**Records for this exercise:**
■ ■ ■ ■ ■

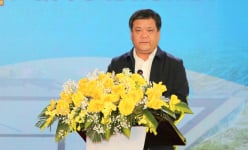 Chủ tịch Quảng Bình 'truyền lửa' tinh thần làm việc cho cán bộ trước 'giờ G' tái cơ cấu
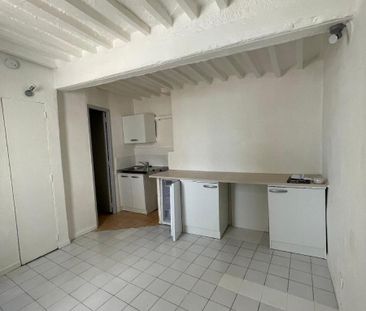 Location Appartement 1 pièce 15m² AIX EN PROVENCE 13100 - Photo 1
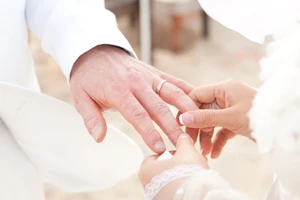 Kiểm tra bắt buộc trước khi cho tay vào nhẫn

■ ■ ■ ■ ■

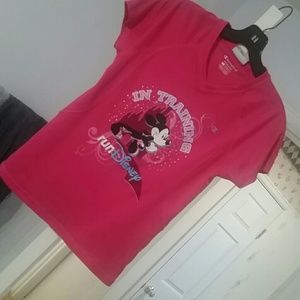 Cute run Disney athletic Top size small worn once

■ ■ ■ ■ ■

Where a picture appears in the records above, omit it, and transcribe exactly the stretch of lines from the one with "Chủ tịch Quảng" through the one with "Kiểm tra bắt buộc trước khi cho tay vào nhẫn".

**Answer for the task:**
 Chủ tịch Quảng Bình 'truyền lửa' tinh thần làm việc cho cán bộ trước 'giờ G' tái cơ cấu
 Location Appartement 1 pièce 15m² AIX EN PROVENCE 13100 - Photo 1
 Kiểm tra bắt buộc trước khi cho tay vào nhẫn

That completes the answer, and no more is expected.